3.11以後の日本

混迷する日本のゆくえを多面的に考える

年金はどうあるべきなのか

2011-10-20 06:09:26 | 福祉政策
年金支給年齢を68歳に伸ばすという案が示された。50代以上は猛反対だろう。

ずっと保険料を支払ってきた世代にとって、どうなのか。仮に60歳で定年を迎え、退職金を少しもらって、それを糧に年金支給年齢の65歳まで持ちこたえようと考えているはずだ。
60歳というと、まだ、妻は50代で、娘や息子はもしかすると、大学を卒業しておらず、学費がかかるかもしれない。80代後半の両親、妻の両親も健在で介護などで手がかかっているかもしれない。68歳まで8年間どうやってもたせるのか。退職金を取り崩す、貯金を取り崩す、子どもから仕送りを期待するも無理。貯金もなく、退職金の多くは住宅ローンに返済に消えてしまったらどうするのか。高齢の両親へ、少しは仕送りをせねばならない、ということも考えられる。

老後の不安は募るばかりである。だいたい68歳支給だなんて、年金支給される前に死んじゃうかもしれないと思うと払う気持ちが失せるかもしれない。
支払ったものに少しでも還元されるべきとおもうので、やはり、65歳を越えての支給はやめるべきかと思う。

税と社会保障の一体改革、新車に乗り換える案が民主党からだされている。
でも、年金制度の枠組みは政治体制が180度転換するくらいの変化がないと変えてはいけないのが鉄則である。
国民に老後の生活を保障するという約束で始めた以上、支給年齢をどんどん先送りするなんてのは、まやかしである。
年金は古民家を保全するように修復していくことが必要である。

老後は生活の糧を失う。それが老後だ。年金の役割は若い世代とちがってものすごく重い。
60過ぎれば病気や怪我で働けなくなる人たちが多数でるのが常である。
定年年齢と切れ目なく、ある程度の年金が、生活保護ぐらいの年金額が支払われなければ、高齢者が多く生活する国全体に不安が蔓延することは必至である。

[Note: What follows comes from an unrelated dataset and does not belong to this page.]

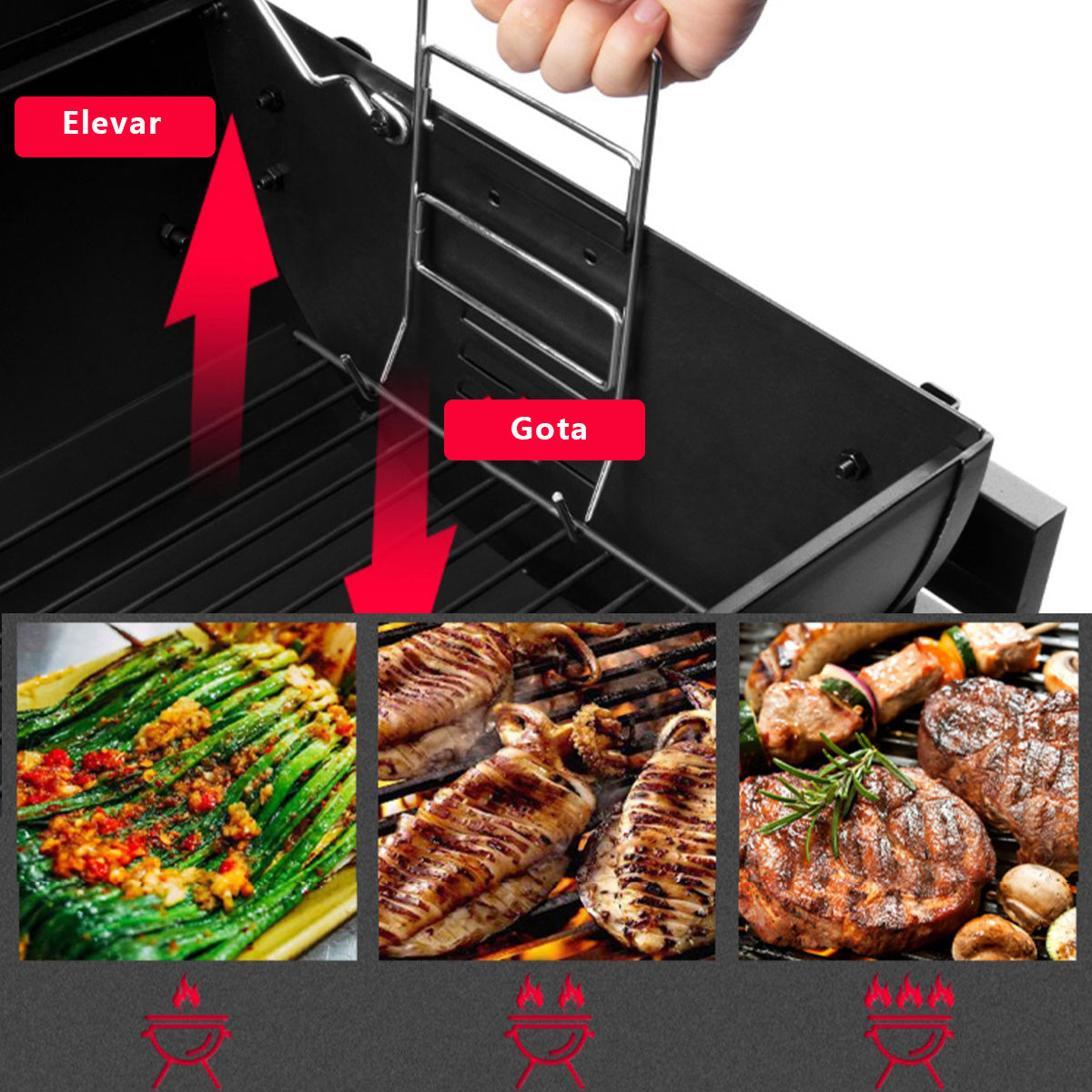 Parrilla De Carbón Barbacoa Jardín Picnic Robusta Móvil Color Negro Tres Águila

みんな元気で68歳まで仕事があって働けて、貯金もあって、住宅も持ち家であって、ローンの心配もなければいいが、果たしてそんな人が、この震災を経て、一体何人いるのか。
支給年齢の延長は慎重にすべきである。

若者は裸一貫、一から始められるが、高齢者はそういうわけにはいかないのだから。

老後の心配なく生涯を終えることができる、それが、産業革命後に生まれた社会保障システムの真髄である。定年制をひかなければならない産業社会、そのシステムが編み出した相互扶助のしくみが労働者全員参加型の社会保険である。